KEY POINTS:
GITH
Chris Else
(Random House, $27.99)
Reading Gith is a bit like listening to a mate telling you a yarn over a beer down at the pub. Wellington author Chris Else has captured the suffocating feel of small-town life and conjured up an intriguing mix of whodunnit and offbeat love story, but most of all he's completely nailed the voice of his narrator, Ken McUrran.
Ken runs the service station in the fictional lower North Island town of Te Kohuna and he's one of the last people to see young Austrian hitch-hiker Anneke Hesse alive.
Convinced the cops are on the wrong track, he becomes caught up in trying to solve the case himself.
Ken is a quiet kind of bloke, not very confident, a bit pushed around by his family. What's most notable about him is the care he takes in looking after his beautiful and once brilliant niece who's been orphaned and left brain-damaged by a car accident.
She's known as Gith (hence the unprepossessing title) because that's the sound she makes when she's trying to say yes.
It turns out Gith saw the abducted girl getting into a white van. The police dismiss her evidence, Ken believes her. And so his obsession with finding the driver of the white van develops.
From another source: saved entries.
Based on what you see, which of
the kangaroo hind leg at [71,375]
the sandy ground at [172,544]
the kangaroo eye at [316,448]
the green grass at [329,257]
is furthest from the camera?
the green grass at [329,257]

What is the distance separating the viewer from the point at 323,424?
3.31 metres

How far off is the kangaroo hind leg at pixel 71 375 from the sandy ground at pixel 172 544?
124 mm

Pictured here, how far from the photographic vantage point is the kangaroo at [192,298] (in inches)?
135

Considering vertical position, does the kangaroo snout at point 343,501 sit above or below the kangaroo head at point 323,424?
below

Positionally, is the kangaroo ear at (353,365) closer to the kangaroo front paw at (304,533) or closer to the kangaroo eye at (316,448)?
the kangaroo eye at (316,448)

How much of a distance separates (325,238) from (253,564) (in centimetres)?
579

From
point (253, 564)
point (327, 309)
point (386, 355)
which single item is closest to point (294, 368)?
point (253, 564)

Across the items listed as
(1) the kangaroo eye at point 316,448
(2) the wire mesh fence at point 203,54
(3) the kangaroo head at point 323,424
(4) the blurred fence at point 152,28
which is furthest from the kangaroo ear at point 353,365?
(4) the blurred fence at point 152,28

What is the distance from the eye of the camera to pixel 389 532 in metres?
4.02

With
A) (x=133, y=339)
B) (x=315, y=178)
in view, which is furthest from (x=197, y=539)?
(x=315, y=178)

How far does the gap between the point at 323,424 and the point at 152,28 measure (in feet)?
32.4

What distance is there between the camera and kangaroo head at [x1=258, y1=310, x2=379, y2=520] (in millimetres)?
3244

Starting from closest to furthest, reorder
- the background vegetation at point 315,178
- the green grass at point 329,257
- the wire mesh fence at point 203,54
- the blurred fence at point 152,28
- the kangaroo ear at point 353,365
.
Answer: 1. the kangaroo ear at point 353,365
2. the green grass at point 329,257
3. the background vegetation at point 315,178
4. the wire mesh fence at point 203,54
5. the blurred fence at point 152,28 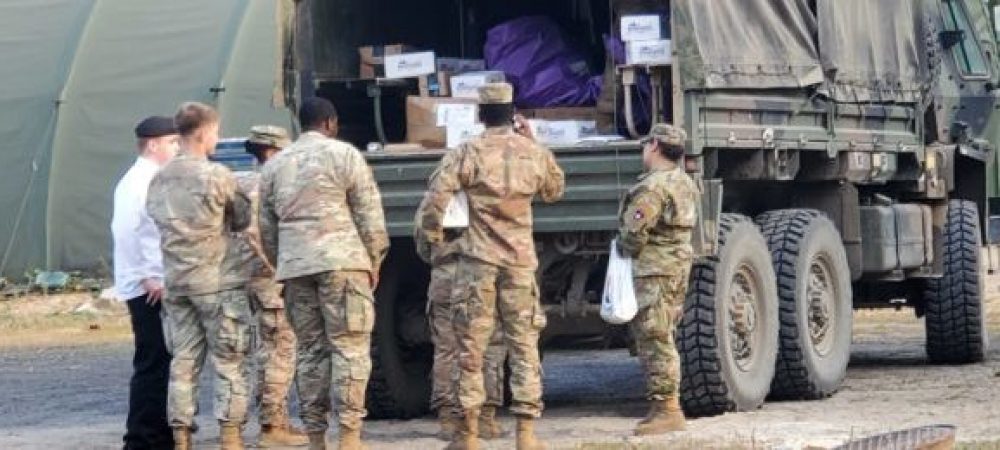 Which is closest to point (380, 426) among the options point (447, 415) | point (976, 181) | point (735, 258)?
point (447, 415)

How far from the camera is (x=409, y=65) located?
Answer: 12.9 meters

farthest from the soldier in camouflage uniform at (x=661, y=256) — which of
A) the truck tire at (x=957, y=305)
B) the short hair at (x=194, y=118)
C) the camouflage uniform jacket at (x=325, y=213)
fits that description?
the truck tire at (x=957, y=305)

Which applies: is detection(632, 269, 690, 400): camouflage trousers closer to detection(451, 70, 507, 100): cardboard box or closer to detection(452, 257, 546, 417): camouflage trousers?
detection(452, 257, 546, 417): camouflage trousers

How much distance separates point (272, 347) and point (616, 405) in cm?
271

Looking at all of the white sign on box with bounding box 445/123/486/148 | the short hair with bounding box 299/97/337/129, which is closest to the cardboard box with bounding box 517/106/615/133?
the white sign on box with bounding box 445/123/486/148

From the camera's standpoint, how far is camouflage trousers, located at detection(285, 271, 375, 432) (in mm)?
10180

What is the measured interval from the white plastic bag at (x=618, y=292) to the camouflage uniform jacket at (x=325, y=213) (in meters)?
1.50

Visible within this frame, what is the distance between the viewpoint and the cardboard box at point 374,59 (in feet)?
42.9

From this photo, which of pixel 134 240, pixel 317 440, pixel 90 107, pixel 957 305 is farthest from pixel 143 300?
pixel 90 107

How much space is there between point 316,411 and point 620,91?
281 cm

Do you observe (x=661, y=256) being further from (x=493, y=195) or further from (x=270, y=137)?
(x=270, y=137)

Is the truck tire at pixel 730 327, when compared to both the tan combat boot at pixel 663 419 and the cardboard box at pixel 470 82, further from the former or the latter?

It quickly becomes clear that there's something more going on between Ken and Gith and it's no surprise when she starts undoing the buttons on his shirt or getting jealous when she sees him with other women. This physical relationship between over-protective carer and damaged girl could have sounded an off-note in the story but Else succeeds in keeping it poignant and natural.
The book is peopled with familiar characters - the tough-as-old-boots farmer, the local weirdos and bigots, the good keen Kiwi blokes - who orbit the main plot and the core cast.You meet so many at once you have to pay proper attention or you can start getting your Ray Tacketts and your Rick Parlines mixed up. A bit of an edit of some of the extraneous characters would not have hurt.
Else clearly wanted to give that small-town sense of everyone being mixed up in each other's business but the pace of the whodunnit side of the story flags at times when it all gets too crowded.
That said, this is a good honest read.
In Ken the author has created a bit of Kiwi everyman, an unlikely hero you just can't help rooting for especially when just about the whole town turns against him.